At the same time, of course—and tragically—the magisterial authority has been grossly undermined by the inept handling of the sexual abuse crisis and now more and more with financial scandals. Most of our bishops seem unaware that they are ludicrous emperors marching naked down the aisle with only their miters for ornament and while their (moral) nudity might be repulsive to the rank and file Catholic, the real problem is that they have been so isolated from reality as, like Adam, not to know they are naked. They honestly believe they are still in a position to offer moral guidance. I am all for people believing but God’s people should never be naive. It is beneath the dignity of those who are baptized and sealed with the Holy Spirit to be credulous. And here is why the nuns are in trouble: they’re prophetic in an Institution that distrusts prophecy.

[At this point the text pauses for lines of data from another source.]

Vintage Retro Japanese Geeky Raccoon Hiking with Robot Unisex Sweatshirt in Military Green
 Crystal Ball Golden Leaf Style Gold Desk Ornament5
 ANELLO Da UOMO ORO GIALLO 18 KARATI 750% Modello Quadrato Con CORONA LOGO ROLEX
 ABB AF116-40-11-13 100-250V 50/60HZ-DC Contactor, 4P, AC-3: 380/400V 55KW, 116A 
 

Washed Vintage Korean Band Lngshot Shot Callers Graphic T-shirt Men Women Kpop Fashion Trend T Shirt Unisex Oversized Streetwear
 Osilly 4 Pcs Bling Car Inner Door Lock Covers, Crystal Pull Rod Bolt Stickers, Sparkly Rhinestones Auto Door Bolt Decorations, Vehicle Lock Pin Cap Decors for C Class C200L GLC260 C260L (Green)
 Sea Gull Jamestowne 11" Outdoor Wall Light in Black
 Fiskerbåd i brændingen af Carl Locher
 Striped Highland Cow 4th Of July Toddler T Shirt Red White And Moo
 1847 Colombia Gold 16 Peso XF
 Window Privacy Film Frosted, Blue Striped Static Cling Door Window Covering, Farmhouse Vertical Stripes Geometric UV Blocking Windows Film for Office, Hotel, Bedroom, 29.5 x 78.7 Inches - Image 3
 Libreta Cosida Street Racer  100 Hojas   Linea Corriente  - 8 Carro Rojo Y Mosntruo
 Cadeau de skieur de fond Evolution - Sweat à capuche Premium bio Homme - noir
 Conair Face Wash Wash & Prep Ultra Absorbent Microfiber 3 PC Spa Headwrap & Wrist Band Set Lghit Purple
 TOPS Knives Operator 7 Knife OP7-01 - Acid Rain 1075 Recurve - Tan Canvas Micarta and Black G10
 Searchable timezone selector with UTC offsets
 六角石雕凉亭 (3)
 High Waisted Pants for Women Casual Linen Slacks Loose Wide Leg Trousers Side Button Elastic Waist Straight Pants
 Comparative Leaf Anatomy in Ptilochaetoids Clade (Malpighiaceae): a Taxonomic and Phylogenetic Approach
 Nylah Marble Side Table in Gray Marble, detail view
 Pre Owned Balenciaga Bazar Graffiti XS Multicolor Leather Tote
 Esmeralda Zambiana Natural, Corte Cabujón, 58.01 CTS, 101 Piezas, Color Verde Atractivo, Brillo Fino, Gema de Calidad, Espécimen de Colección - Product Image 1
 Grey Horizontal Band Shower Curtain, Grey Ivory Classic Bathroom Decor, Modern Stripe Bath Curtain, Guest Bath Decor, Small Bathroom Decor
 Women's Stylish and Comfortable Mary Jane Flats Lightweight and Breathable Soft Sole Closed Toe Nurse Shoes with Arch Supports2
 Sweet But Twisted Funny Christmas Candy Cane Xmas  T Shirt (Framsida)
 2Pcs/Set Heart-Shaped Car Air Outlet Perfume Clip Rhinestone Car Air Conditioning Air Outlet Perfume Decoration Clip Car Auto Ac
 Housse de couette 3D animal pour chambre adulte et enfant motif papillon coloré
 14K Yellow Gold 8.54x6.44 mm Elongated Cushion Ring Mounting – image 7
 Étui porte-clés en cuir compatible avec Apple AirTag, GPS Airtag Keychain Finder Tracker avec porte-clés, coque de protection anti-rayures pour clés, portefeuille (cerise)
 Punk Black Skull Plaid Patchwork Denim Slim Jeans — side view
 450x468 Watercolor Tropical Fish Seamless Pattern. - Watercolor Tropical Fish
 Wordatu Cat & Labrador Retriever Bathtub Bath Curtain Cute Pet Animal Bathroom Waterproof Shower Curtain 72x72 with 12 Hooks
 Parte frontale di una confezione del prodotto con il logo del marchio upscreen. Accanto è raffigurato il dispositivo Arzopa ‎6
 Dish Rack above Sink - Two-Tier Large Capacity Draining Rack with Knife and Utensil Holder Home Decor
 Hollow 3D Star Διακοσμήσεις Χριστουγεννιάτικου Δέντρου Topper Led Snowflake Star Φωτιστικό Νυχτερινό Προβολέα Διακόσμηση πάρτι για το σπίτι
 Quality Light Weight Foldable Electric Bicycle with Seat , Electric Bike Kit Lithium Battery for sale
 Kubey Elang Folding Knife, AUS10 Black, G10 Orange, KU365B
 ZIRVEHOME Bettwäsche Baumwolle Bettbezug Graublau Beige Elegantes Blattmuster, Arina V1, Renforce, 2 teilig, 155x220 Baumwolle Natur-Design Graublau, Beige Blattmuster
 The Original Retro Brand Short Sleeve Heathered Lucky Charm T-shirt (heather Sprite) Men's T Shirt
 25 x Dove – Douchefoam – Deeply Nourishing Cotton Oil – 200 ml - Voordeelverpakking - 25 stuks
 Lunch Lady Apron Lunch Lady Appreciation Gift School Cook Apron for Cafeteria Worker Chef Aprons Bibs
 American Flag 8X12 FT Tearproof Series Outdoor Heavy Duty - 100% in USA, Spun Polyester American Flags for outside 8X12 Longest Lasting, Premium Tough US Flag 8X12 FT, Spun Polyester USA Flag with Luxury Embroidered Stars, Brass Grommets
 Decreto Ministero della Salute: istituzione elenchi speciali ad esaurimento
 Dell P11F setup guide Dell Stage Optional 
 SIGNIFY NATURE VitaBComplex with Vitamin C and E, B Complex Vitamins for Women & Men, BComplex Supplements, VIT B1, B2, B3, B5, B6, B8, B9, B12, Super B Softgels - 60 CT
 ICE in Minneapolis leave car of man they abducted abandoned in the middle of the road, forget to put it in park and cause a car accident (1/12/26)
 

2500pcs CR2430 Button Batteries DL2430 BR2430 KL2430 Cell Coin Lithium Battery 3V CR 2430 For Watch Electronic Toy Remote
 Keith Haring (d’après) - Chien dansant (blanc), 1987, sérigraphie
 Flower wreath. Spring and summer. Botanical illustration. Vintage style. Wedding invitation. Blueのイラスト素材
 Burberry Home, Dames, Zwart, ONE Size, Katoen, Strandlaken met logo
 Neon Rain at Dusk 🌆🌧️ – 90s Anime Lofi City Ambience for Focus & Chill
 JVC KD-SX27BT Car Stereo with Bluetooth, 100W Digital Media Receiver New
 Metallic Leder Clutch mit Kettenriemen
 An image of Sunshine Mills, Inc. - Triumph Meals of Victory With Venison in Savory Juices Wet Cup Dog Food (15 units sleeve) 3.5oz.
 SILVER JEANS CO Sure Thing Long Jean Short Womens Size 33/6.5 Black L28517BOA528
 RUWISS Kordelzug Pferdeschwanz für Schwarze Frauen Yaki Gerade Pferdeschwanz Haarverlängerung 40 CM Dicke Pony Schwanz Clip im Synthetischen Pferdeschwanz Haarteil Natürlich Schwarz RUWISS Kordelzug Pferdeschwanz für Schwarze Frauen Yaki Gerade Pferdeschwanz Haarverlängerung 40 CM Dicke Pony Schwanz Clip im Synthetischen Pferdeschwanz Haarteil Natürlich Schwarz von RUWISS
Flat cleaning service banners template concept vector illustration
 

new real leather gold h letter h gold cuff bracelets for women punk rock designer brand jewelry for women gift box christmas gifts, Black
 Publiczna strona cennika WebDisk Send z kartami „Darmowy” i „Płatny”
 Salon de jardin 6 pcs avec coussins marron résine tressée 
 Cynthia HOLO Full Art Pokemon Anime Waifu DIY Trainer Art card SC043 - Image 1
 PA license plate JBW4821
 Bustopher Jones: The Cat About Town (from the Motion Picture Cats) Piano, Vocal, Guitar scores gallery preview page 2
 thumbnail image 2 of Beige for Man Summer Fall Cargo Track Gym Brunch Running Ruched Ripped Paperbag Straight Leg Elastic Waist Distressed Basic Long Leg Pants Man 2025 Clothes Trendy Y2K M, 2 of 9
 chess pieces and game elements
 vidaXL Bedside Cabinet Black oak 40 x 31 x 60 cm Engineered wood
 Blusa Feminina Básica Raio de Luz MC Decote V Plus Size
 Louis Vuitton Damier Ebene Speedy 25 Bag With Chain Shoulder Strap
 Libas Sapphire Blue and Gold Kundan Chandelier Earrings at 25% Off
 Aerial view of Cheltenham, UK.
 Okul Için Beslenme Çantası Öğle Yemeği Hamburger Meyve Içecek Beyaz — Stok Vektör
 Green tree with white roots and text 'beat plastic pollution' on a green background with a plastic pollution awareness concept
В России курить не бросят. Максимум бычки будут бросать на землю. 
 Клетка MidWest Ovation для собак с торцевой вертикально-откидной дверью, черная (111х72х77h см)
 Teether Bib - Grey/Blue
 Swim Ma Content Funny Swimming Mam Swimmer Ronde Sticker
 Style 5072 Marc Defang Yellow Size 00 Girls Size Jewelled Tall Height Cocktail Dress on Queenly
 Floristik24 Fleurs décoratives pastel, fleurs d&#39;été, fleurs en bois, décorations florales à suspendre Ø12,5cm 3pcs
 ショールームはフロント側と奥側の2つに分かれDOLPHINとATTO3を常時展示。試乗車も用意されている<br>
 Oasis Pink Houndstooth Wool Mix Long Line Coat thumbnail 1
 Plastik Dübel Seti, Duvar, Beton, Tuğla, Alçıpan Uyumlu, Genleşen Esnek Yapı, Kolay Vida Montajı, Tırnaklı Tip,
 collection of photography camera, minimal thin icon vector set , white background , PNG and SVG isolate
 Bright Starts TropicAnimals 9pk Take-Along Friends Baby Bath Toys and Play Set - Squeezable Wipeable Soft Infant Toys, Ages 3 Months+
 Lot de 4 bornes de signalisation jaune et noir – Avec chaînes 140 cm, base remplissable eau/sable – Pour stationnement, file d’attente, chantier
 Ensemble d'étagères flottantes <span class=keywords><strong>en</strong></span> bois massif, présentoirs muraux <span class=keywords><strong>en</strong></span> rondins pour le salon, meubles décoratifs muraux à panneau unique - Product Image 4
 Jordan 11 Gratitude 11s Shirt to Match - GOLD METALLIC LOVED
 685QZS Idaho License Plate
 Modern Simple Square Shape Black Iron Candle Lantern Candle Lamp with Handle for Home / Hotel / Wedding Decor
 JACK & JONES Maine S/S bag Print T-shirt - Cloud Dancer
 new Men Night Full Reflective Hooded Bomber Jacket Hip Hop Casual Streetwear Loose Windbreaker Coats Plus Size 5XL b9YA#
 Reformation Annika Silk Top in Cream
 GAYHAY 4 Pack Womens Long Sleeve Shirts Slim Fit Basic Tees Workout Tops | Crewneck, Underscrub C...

The prophet does not compel;
She invites each person to see herself,
her world, her God,
in a fresh way.
Notice, I said in an Institution that distrusts prophecy. I did not say a Church that distrusts prophecy. The Church includes the hierarchy but is much broader than its leadership. People today are seeing themselves, their world, and God (God is never “my” God, “your God” or “their God”—God is just God. ) in fresh ways and this takes control of the God experience away from the boys and let’s everyone in the game. And that is precisely what the boys in Rome—and the local chancery offices—are afraid of, a level playing field of grace where they can’t control the game. Go nuns!!!